» **Required action**:
Write out exactly the first lines of the listing, ending on the line that contains "Mannelijke mode accessoire".

» **Source data**:
——
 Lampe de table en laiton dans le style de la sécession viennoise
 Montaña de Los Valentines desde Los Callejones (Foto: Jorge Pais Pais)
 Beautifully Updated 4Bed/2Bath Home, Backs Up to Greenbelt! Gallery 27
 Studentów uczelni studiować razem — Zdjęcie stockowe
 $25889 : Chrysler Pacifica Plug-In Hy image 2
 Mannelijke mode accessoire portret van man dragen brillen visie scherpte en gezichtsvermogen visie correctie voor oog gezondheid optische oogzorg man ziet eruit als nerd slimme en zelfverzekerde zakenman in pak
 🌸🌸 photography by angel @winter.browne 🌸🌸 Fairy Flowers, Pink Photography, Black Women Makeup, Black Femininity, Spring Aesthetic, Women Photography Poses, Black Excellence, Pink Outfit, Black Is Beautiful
——
» **Answer for the task**:
 Lampe de table en laiton dans le style de la sécession viennoise
 Montaña de Los Valentines desde Los Callejones (Foto: Jorge Pais Pais)
 Beautifully Updated 4Bed/2Bath Home, Backs Up to Greenbelt! Gallery 27
 Studentów uczelni studiować razem — Zdjęcie stockowe
 $25889 : Chrysler Pacifica Plug-In Hy image 2
 Mannelijke mode accessoire portret van man dragen brillen visie scherpte en gezichtsvermogen visie correctie voor oog gezondheid optische oogzorg man ziet eruit als nerd slimme en zelfverzekerde zakenman in pak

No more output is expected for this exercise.